DATA BLOCK:
+++++
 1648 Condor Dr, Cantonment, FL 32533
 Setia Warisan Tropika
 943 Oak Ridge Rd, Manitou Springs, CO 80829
+++++
DIRECTIONS FOR THIS TASK: The material is to be written out again in full, with no word altered.

RESPONSE:
 1648 Condor Dr, Cantonment, FL 32533
 Setia Warisan Tropika
 943 Oak Ridge Rd, Manitou Springs, CO 80829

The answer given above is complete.